§ Try it: Omitting all images, transcribe the listing word for word.

§ Available data:

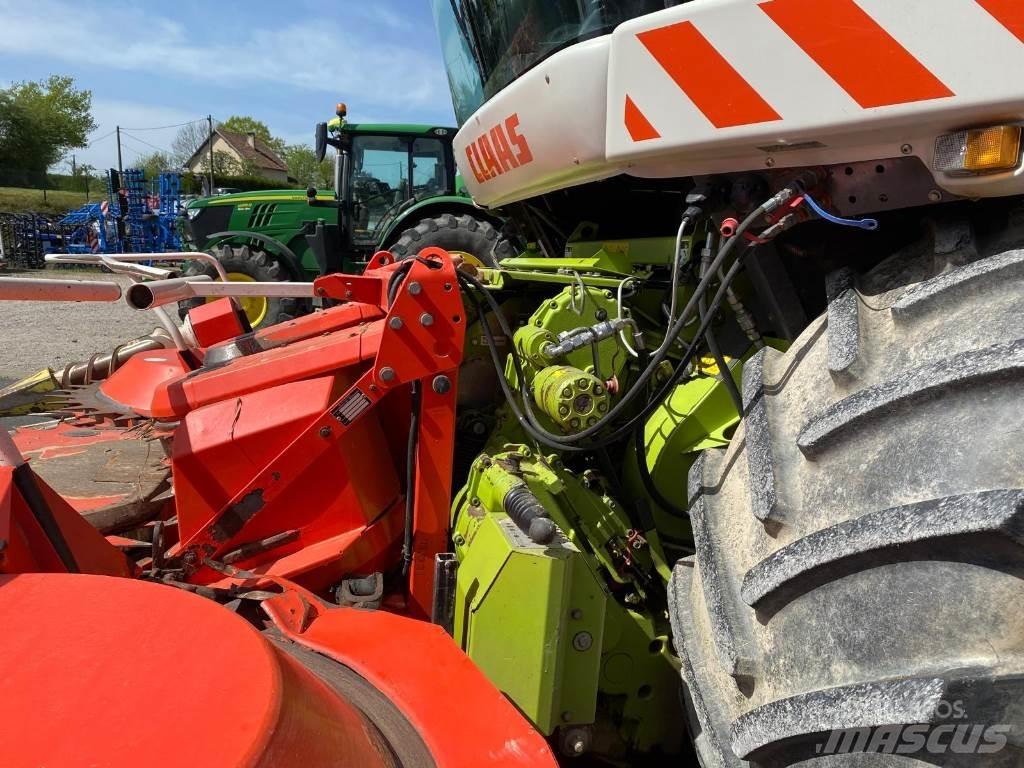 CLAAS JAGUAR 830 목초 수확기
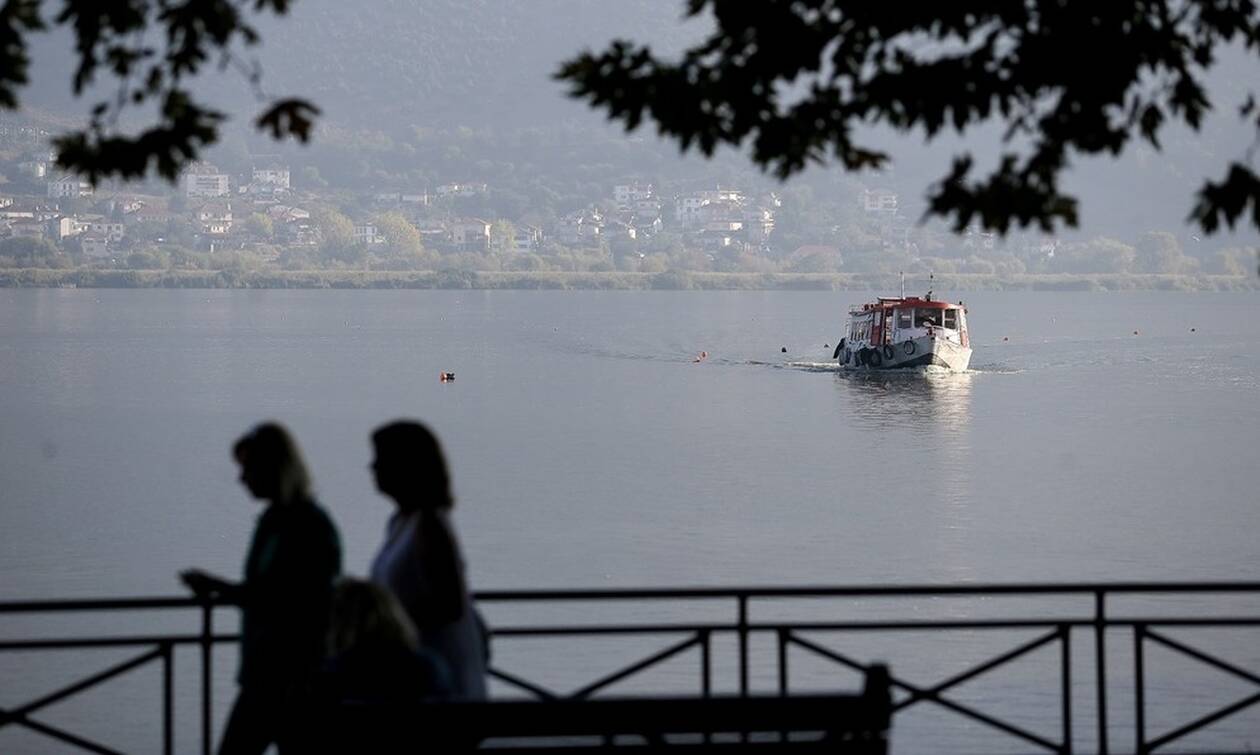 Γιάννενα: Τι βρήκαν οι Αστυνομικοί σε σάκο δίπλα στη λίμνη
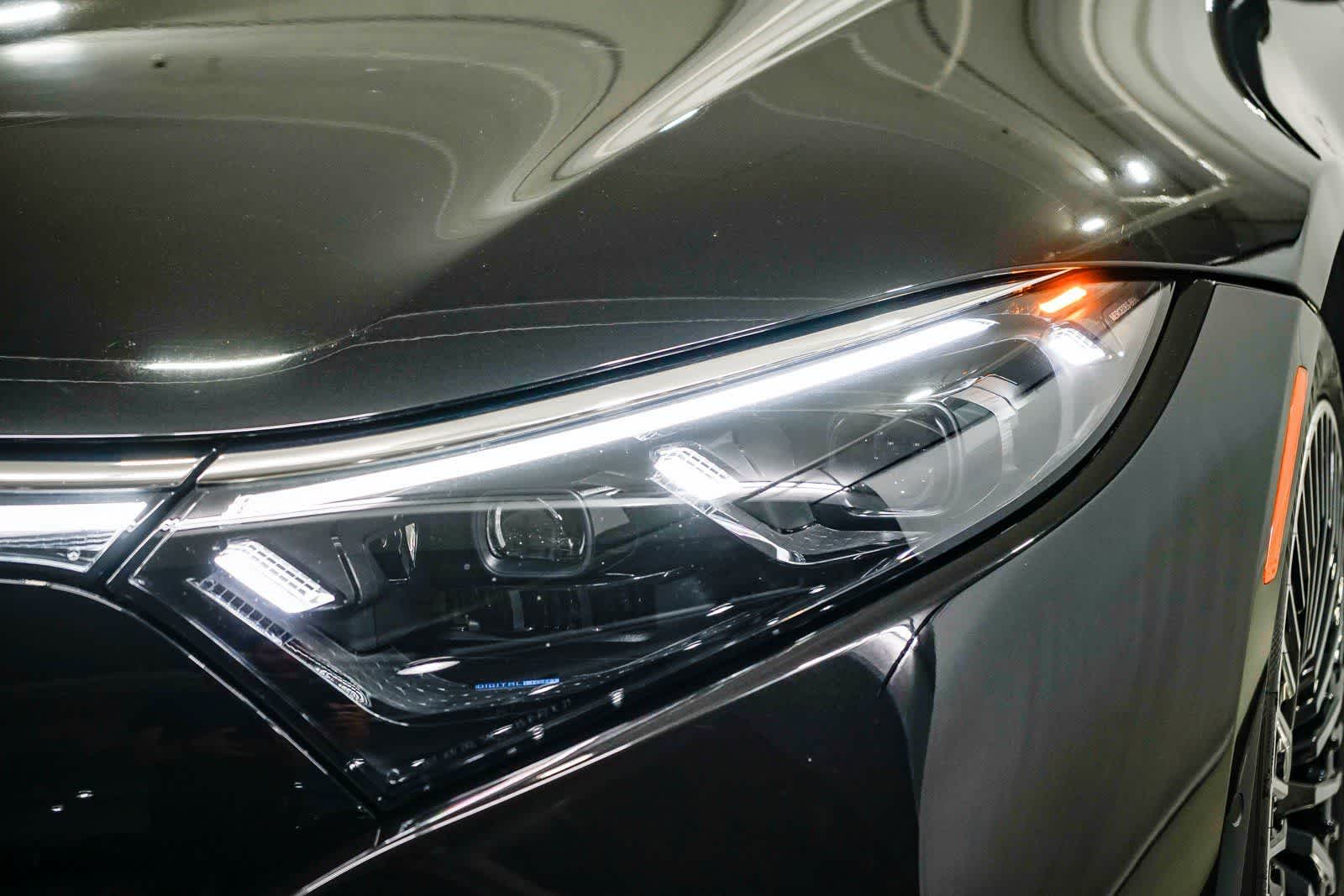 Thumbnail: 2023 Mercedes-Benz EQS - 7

§ Your solution:
 CLAAS JAGUAR 830 목초 수확기
 Γιάννενα: Τι βρήκαν οι Αστυνομικοί σε σάκο δίπλα στη λίμνη
 Thumbnail: 2023 Mercedes-Benz EQS - 7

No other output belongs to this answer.